■ What the task asks
Output the exact lines that start at the one containing "Bright sterling silver" and continue to the last line of the entries below; do not output pictures.

START Recorded information

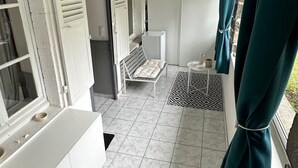 A room with a white bathtub, a bench, and a small table with a rug. - Centrally Located Villa in Mont-dore (La Bourboule)
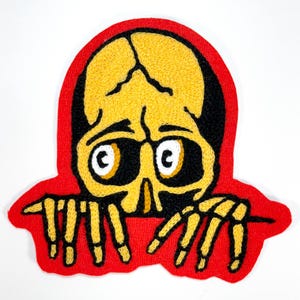 May include: An embroidered patch featuring a yellow skull with black eye sockets and white pupils, positioned above two yellow skeletal hands with black outlines. The entire design is set against a vibrant red background border.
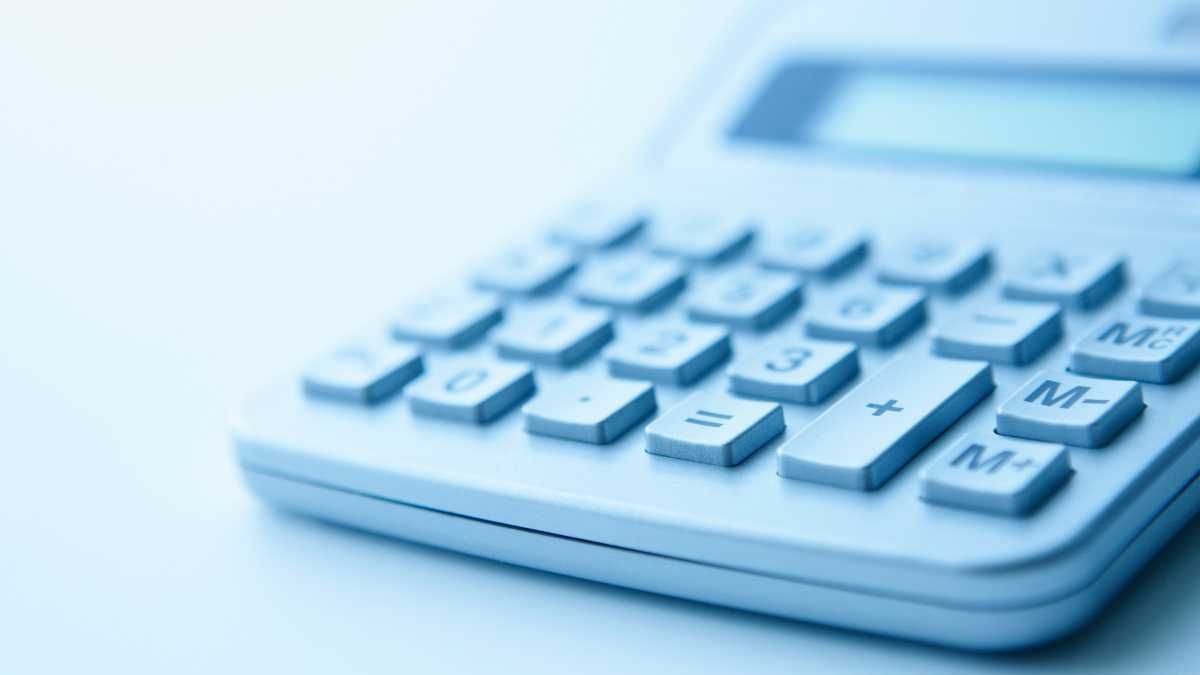 Close up of a calculator on a blue background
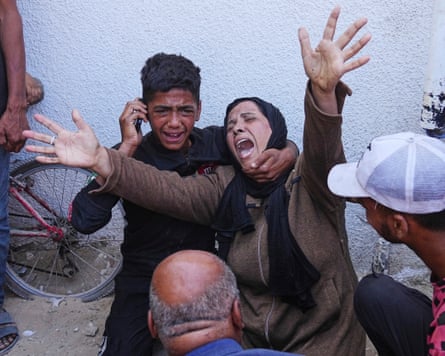 A Palestinian woman mourns over the body of her child killed in an Israeli military strike on Gaza, at Al-Shifa Hospital in Gaza City, Thursday, June 19, 2025.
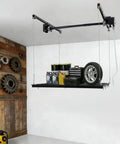 Hardcore Adjustable Overhead Garage Storage Rack With 300 Pound Capacity rustproof carbon steel ceiling mount hanger displaying tools and gear.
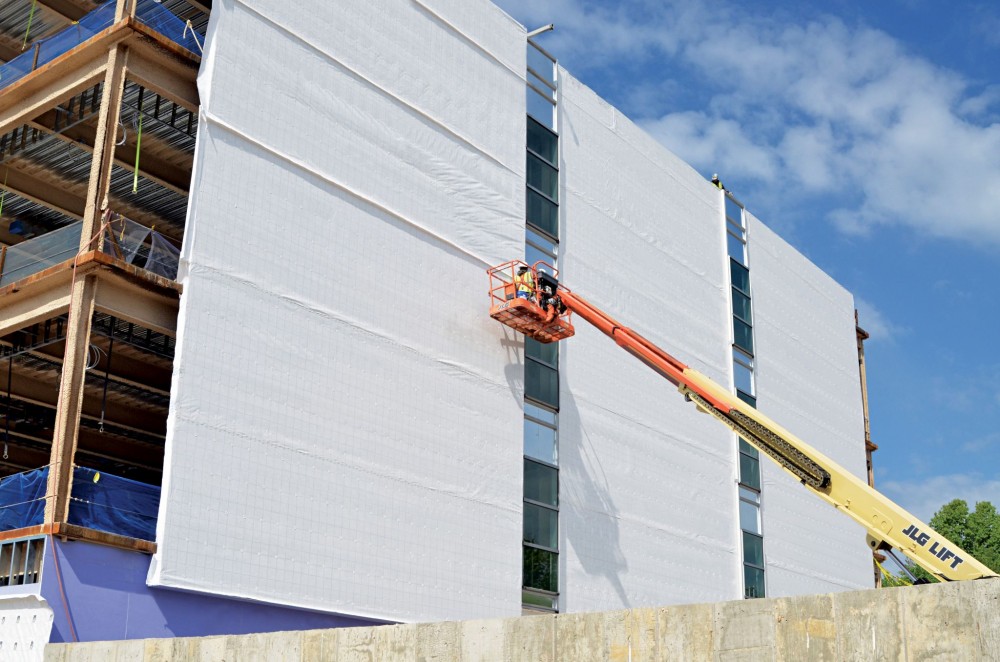 A building wrap air and water barrier system is installed over the exterior sheathing, prior to the installation of metal panels. Proper installation is critical for meeting the building envelope structural wind loads and maintaining the air barrier continuity over time.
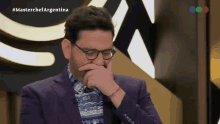 a man wearing glasses and a purple suit is covering his mouth in front of a masterchef logo
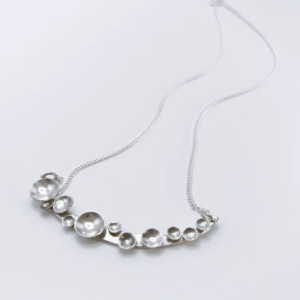 Bright sterling silver Murmuration Dot Arc necklace with polished domed circles. Handcrafted by Stacy Bias.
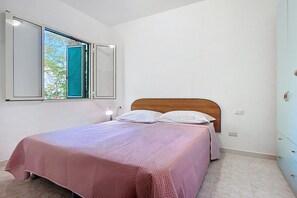 Une chambre à coucher avec un lit, une fenêtre avec des volets, une lampe de chevet et une commode.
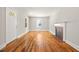 Inviting living room features refinished hardwood floors and a decorative fireplace at 1411 Hudson Ave, Durham, NC 27705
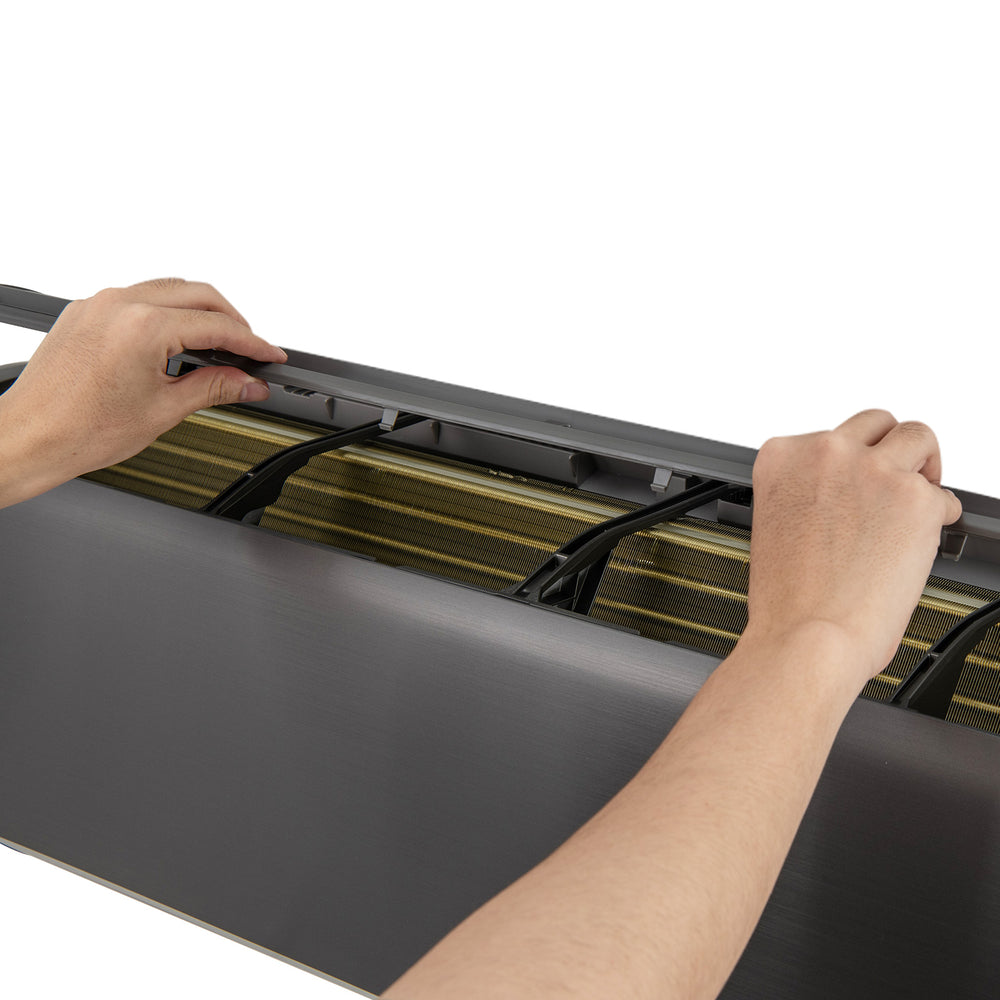 Hands adjusting the top panel of the GreyVolt Mini Split Air Conditioner and Heater for easy maintenance and operation.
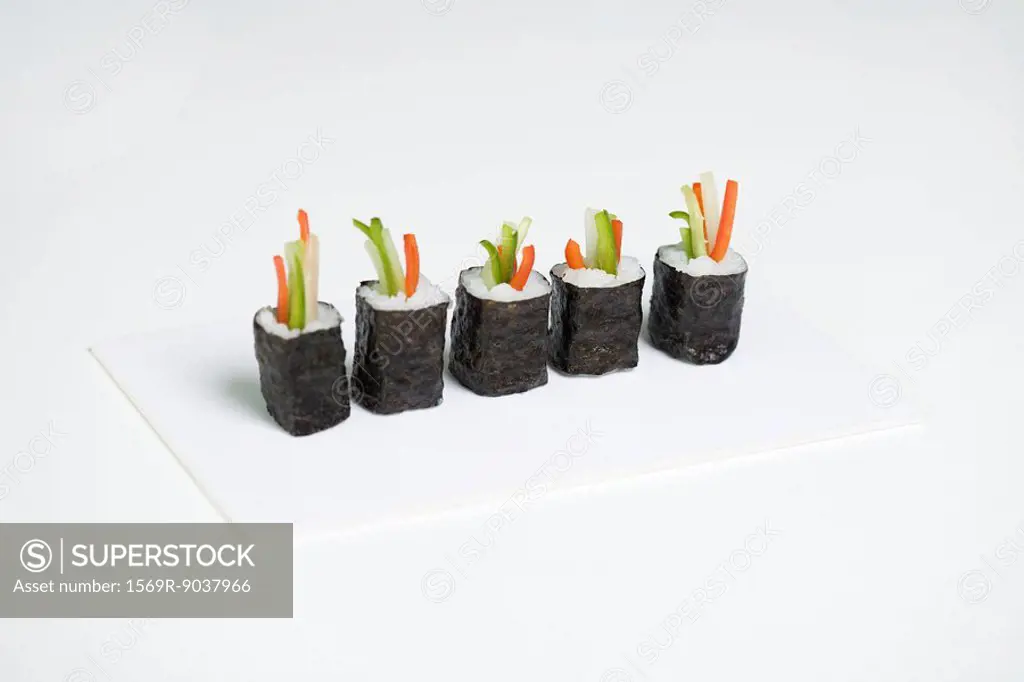Row of maki sushi arranged in row on cutting board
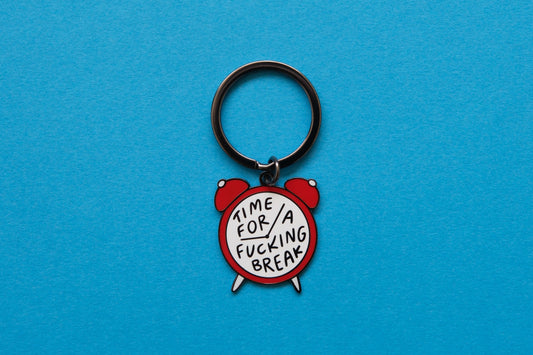 An enamel keychain of an alarm clock that says "Time for a Fucking Break" over a blue background.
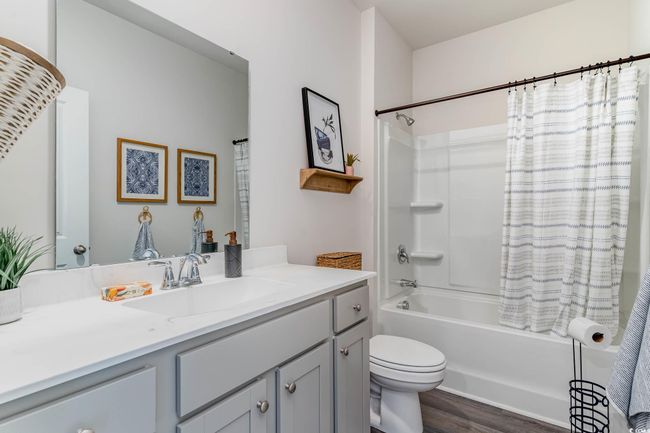 Full bathroom featuring vanity, shower / tub combo, and wood finished floors | Image 18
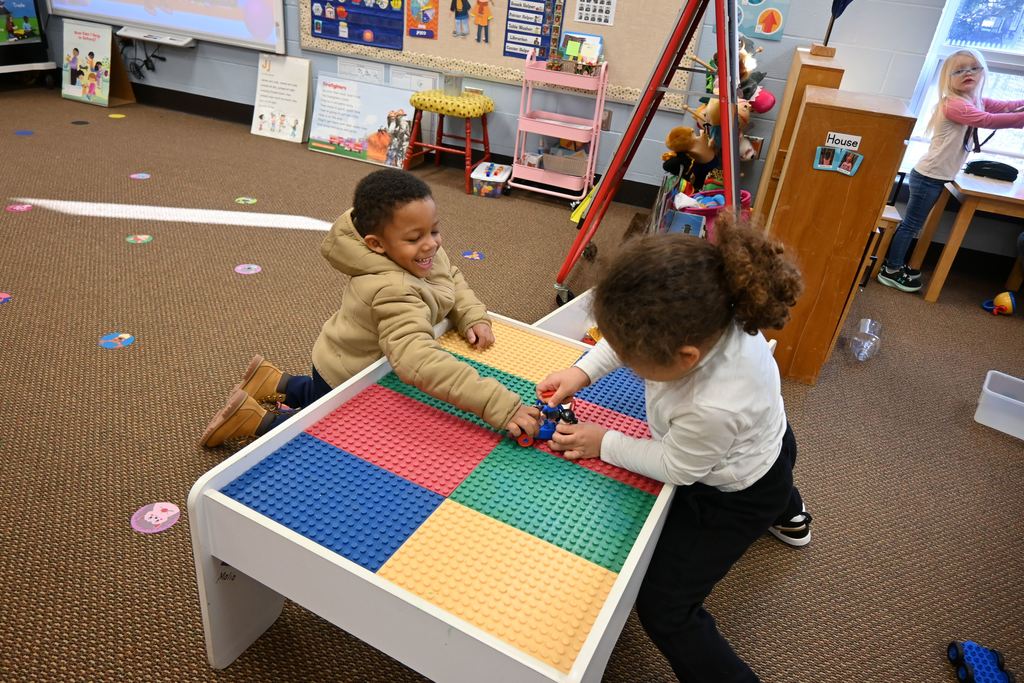 Two students play with Lego Police cars.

END Recorded information

■ Solution
 Bright sterling silver Murmuration Dot Arc necklace with polished domed circles. Handcrafted by Stacy Bias.
 Une chambre à coucher avec un lit, une fenêtre avec des volets, une lampe de chevet et une commode.
 Inviting living room features refinished hardwood floors and a decorative fireplace at 1411 Hudson Ave, Durham, NC 27705
 Hands adjusting the top panel of the GreyVolt Mini Split Air Conditioner and Heater for easy maintenance and operation.
Row of maki sushi arranged in row on cutting board
 An enamel keychain of an alarm clock that says "Time for a Fucking Break" over a blue background.
 Full bathroom featuring vanity, shower / tub combo, and wood finished floors | Image 18
 Two students play with Lego Police cars.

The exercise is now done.